Books are playing a rapid game of digital catch-up here – and, given the proclivities of many of DRM’s most vocal opponents, it’s perhaps no surprise that this month it was the world’s biggest science fiction publisher, Tor Books, that became the first imprint among publishing’s “big six” players to start offering all of its digital books without any rights restrictions.
It marks, as Tor author and digital campaigner Cory Doctorow put it, “a seismic event in the history of the publishing industry”. To me, though, what it also suggests is the tantalizing possibility of helping digital reading preserve all the advantages of its weightless, infinitely capacious medium while regaining some of the rich possibilities of physical books – and specifically those communities of lending, discussion, sharing and recommendation that are the traditional lifeblood of reading.
DRM is far from the only issue here.
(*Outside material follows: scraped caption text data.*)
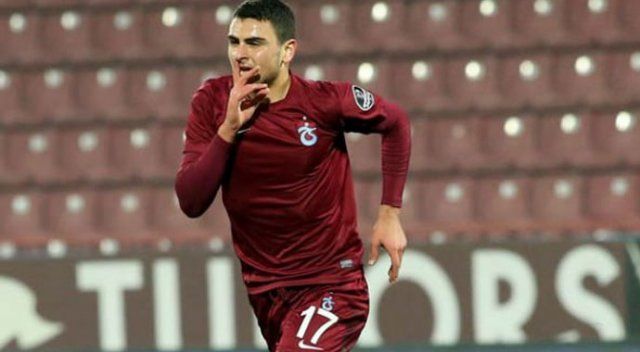Trabzonspor yeni Burak Yılmaz&#039;ını buldu
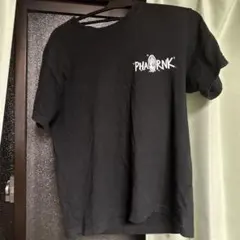 Paledusk ペイルダスク バンドTシャツ バンT 黒 メタルコア - メルカリ
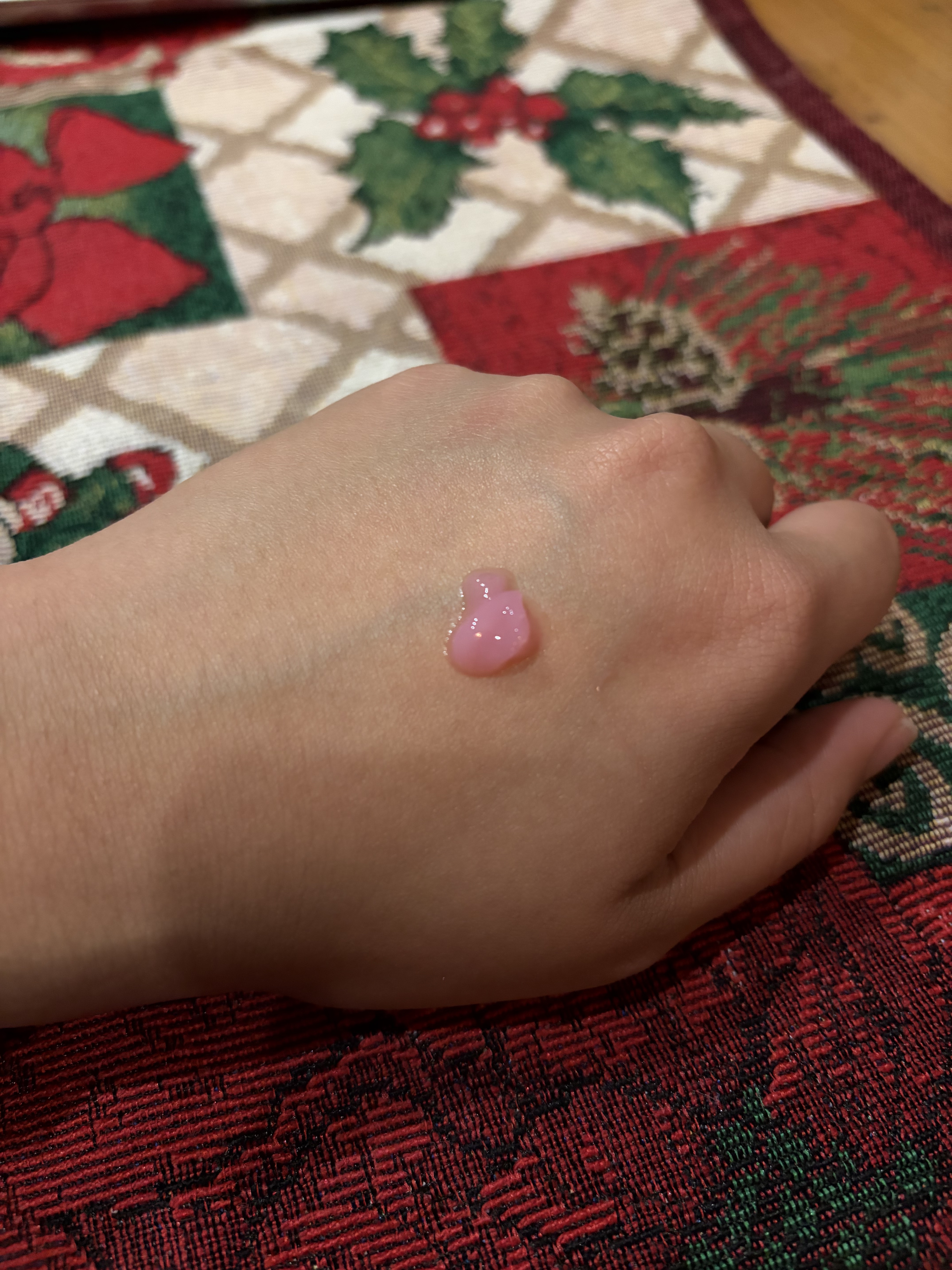 PDRNキューブセラム/DPPR/美容液を使ったクチコミ（3枚目）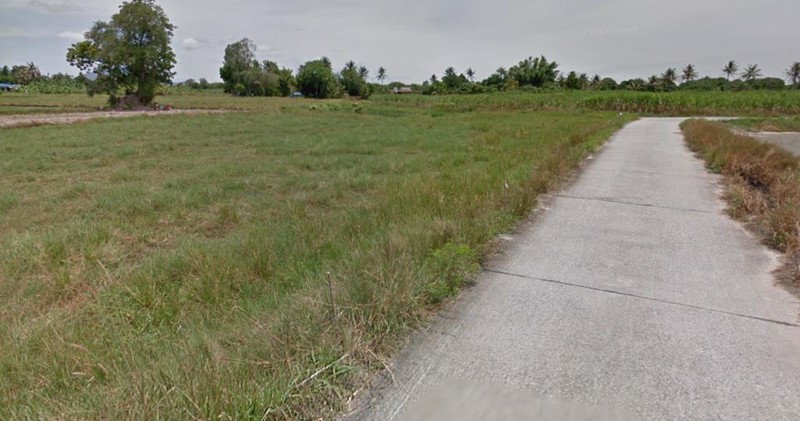 ขายที่ดิน-5-ไร่-ใกล้หมู่บ้านอรินสิริพาร์คพานทอง-อพานทอง-จชลบุรี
But the potential opening up of ebook formats by mainstream publishers brings with it the possibility of a new opening up of the apparatus surrounding reading as a digital experience. From universally shared annotations and highlights to the passing on of personal reading histories and personalised editions, the opportunities for integrating everyday digital reading with genuinely open communal tools are legion. Perhaps above all, though, what such openness most tantalisingly promises is a shift in emphasis within digital books away from a handful of digital “ecosystems” and back towards readers, writers and publishers.
If this sounds slightly utopian, well, that’s because it is. It shouldn’t stretch credibility too far, though, to note that belief in the very notion of “books” enduring as a 21st-century form requires more than gathering together a certain number of words. If they are to maintain vigour and impact within the brutally Darwinian internet world, both textual aspirations of permanence and a corresponding density of cultural engagement are urgently required: the mutually invigorating embrace, in other words, of authors and audiences.
One of the adages of digital media has long been that relationships matter more than mere purchases: between creators and consumers, but also within those communities of consumers who have an increasingly vocal impact on the creative process.
In this context, it’s always been one of the stranger current features of eBooks that digital and print formats are locked in such mortal combat, given not only that the same people buy both, but that the bulk of this buying is done by self-proclaimed book lovers who would relish the opportunity to connect texts’ physical and virtual incarnations. Whether it’s discounted physical copies for owners of digital books, digital editions bundled with physical purchases, or some other arrangement, pitting old against new is a poor reflection of what readers and writers alike actually want.
As the author Charlie Stross argued earlier this year, the most dismal fate any ebook can face is to become not only unread but unreadable: to become nothing more than a chunk of locked-down data “trapped inside a rapidly ageing, obsolescent slab of plastic and glass.”
Books need readers if they are to justify their existence. If books are to do more than simply exist, though – if they are to thrive – they also need communities of readers equipped to continue doing everything that has fuelled the best of written culture throughout the history of modern publishing: sharing, preserving, curating, re-reading.
It’s a time of twisting possibilities and profound uncertainty. Yet publishers face a simple enough choice: either they commit to creating technologies within which books are able to meet their audience’s best expectations – or someone else will build the future elsewhere.